Контраст между массовой анонимностью романной продукции и ключевой для романтизма идеей уникальности творческого гения требует комментария. Его можно объяснить стремлением избежать преследований за клевету, поскольку значительная часть романов того времени включала в себя сатиру на светские нравы и многие из них были (или претендовали на то, чтобы быть) “романами с ключом”. Анонимность могла быть на руку начинающему автору, рассчитывающему на то, что его примут за более знаменитого писателя. Однако наиболее убедительной причиной Сент-Клэр считает стремление издателей и владельцев библиотек воспитать в читателях привычку к регулярному “потреблению” романов, а для этого убедить их в неизменном качестве и предсказуемости характеристик покупаемого продукта.
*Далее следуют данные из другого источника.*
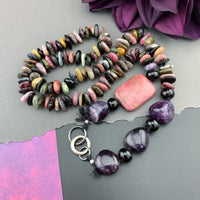 One Of A Kind Silk Knotted Tourmaline, Amethyst, Smokey Quartz and Rhodonite Gemstone Candy Necklace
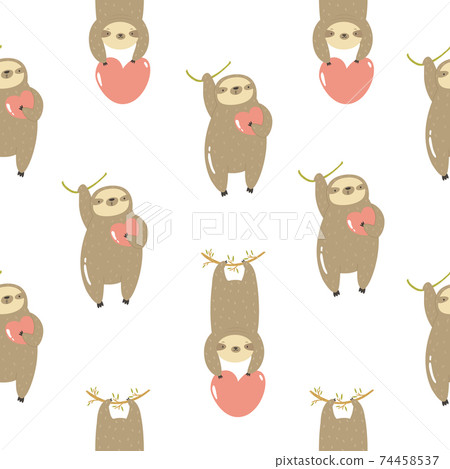 Seamless pattern with cute sloths hanging on a tree. Seamless pattern with cute sloths hanging on a tree. 74458537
Количественный подход показывает, что традиционный взгляд на романтическую эпоху как на время господства поэзии, которая только в 1830-е гг. уступила место прозе, нуждается в уточнении. Большое число наименований не обязательно означает большое число читателей: очевидно, что основная масса поэтических сборников издавалась крошечными тиражами и была доступна только узкому кругу друзей и знакомых автора. Корректнее было бы говорить о противоположных векторах развития поэзии и прозы: в романтическую эпоху поэты принадлежали, главным образом, к аристократии и дворянству, они гордились своим авторством и были готовы заплатить за то, чтобы увидеть свое имя напечатанным на обложке книги. Авторы романов постепенно превращались из низкооплачиваемых работников пера, лишенных имени и пола, в полноправных участников литературного процесса, получающих достойное вознаграждение за свои труды. Спрос на книги стихов создавали авторы и меценаты, спрос на романы — покупатели и подписчики библиотек. Формат книг стихов падал — от четверти листа к одной восьмой и одной двенадцатой; формат романов рос. Издание стихов еще несло на себе печать эпохи монополий и книжной гильдии, издание романов стало чисто коммерческим предприятием.
ТЕХНОЛОГИИ И ТИРАЖИ
Центрами книжной индустрии в романтическую эпоху оставались Лондон и Эдинбург. За два века существования книгопечатания основной способ производства не претерпел существенных изменений: металлические литеры, сделанные вручную искусными ремесленниками, укладывались опытными наборщиками в матрицы, с которых производилась печать отдельных страниц. Бумага также делалась вручную из тряпья: спрос на нее в период книжного бума был так велик, что за основными европейскими армиями в эпоху наполеоновских войн следовали стаи тряпичников. Их товар поступал на местные ярмарки, а оттуда — на международный рынок, который исправно снабжал сырьем бумажные фабрики, стоявшие на основных английских реках. Вываренная, отбеленная и разглаженная бумага, на которой печатались книги того времени, поражает своим качеством и сохранностью и в наши дни. Налоги на бумагу были весьма велики; начиная с 1794 г. обязательным условием налоговых льгот была маркировка бумаги водяным знаком, указывавшим год производства. Налоговое законодательство определило и минимальный объем продаваемой бумаги в 250 листов: это была та партия, которой требовали от издателей типографщики, даже если предполагаемый тираж книги был меньше. Этого условия не могли изменить даже крупные издательства, имевшие свой запас бумаги, поэтому и тиражи книг в Великобритании были, как правило, кратны указанному объему приобретаемой партии бумаги (кроме того, чтобы не терять бумагу зря, издатели нередко просили авторов расширить или сократить текст до соответствующего объема). Если не считать учебников, справочников и словарей, наиболее успешные тексты эпохи достигали тиража в 10 000 экземляров (романы В. Скотта и четвертая песнь “Чайльд Гарольда”), однако стандартный тираж составлял 250—1 500 экземпляров.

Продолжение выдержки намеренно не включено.